A recurring theme of the conference is that schools have been built around the needs of the industrial era, at a time when we are deeply into the information or knowledge era.
“It’s kind of a fool’s errand [to think that] if we just train people to lead for institutions built for the last century that we’re going to get different results,” said Stacey Childress, CEO at the NewSchools Venture Fund. She favored finding an expanded vision of what student success can mean, beyond the focus on test scores.
After attending the day’s sessions, Linda Clark, the superintendent of the West Ada school district in Meridian, Idaho, said, “We believe we’re engaged in changing everything about school, and this [conference] has made it clear that this is indeed the work.”
Clark, who is an Education Week Leader to Learn From for innovation, said the focus on creating a new educational culture resonated with her. “It’s not really work for the weak of spirit,” she said.
Hip-Hop Artist Common and His Board-of-Ed Mom
At the end of the day, hip-hop artist Common, whose song “Glory,” with John Legend, from the movie “Selma,” won an Oscar this year, shared the story of Mr. Brown, an influential teacher the entertainer had when he was 8 years old.
Thirty years later, Common flew to Mr. Brown’s side after learning that the teacher had been shot and was clinging to life. Mr. Brown survived, and called Common to congratulate him on the Oscar. “I told him, ‘Little did you know, you’re one of the reasons I’m here,'” Common said.
The performer encouraged the entrepreneurs in the room to do more. “We may have come into this room to do business, but what is business without service to those people you want business from?” he asked.
Mahalia Hines, a Chicago Board of Education member, former principal and teacher, is Common’s mother, and she joined him stage.
Hines talked about the imperative to educate all children. “This is not missionary work,” she said. “The goal should not be saving them. By educating them you are saving them.”
Hines challenged the educators, entrepreneurs and developers to “know the culture of the children you’re going to teach.” There is no one face of “underprivileged kids,” she said. “Go in learning from them. Use the knowledge to better be able to teach them.”

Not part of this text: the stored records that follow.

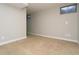 Spacious finished basement bedroom with neutral carpeting and large windows at 7900 W Layton Ave # 833, Littleton, CO 80123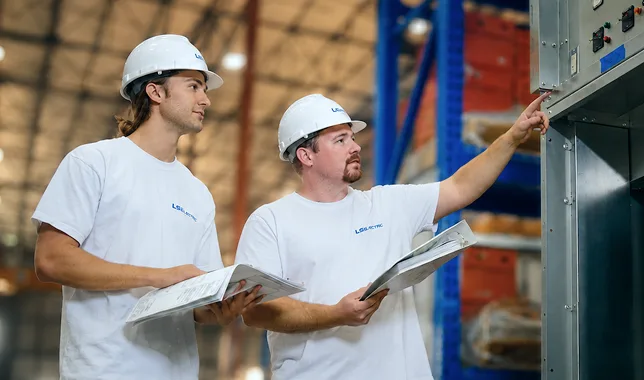 LS ELECTRIC technicians reviewing equipment plans on site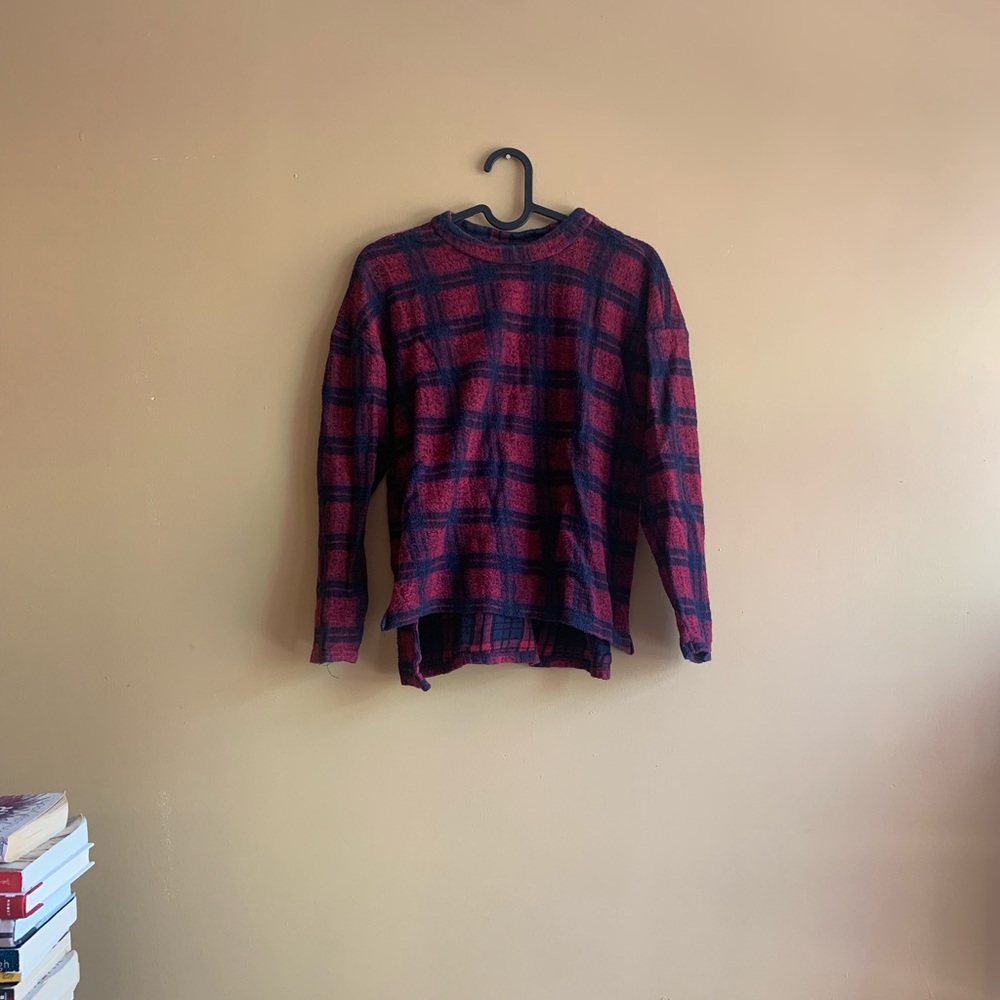 Checkerboard red and blue wool sweater.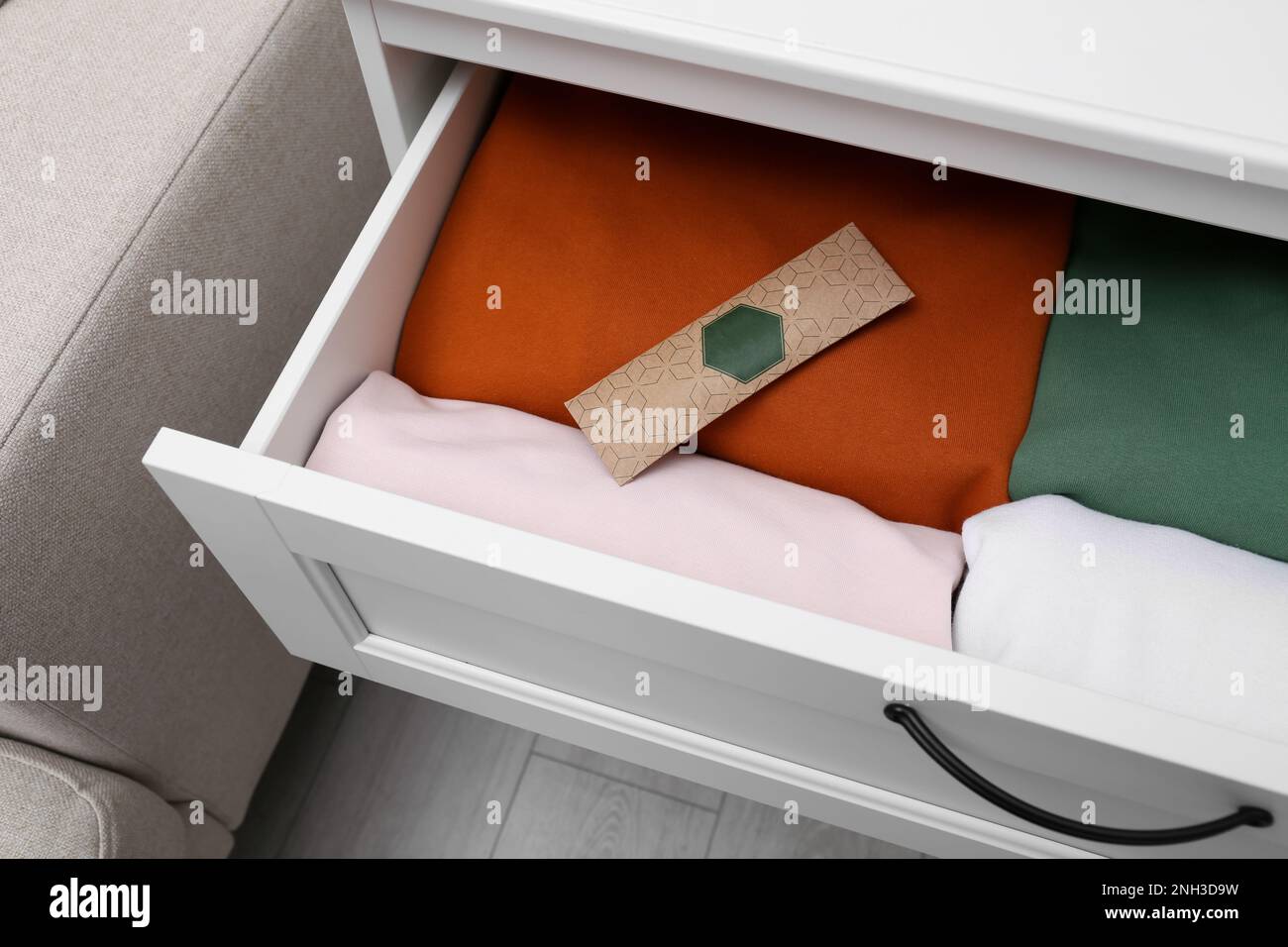 Scented sachet and folded clothes in drawer Stock Photo Alamy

Especially for those creating the materials for the next generation, Hines said, it’s essential to incorporate the experience of the children in the way the materials are presented. “I would like to see entrepreneurs go into some of the schools and talk to some of the kids” to see what the students really need, rather than just making that decision without talking to the kids, she said.
She also challenged the “revolving door” aspect of programs that put young teachers in classrooms for a year or two, then they move on. “They need stability,” she said.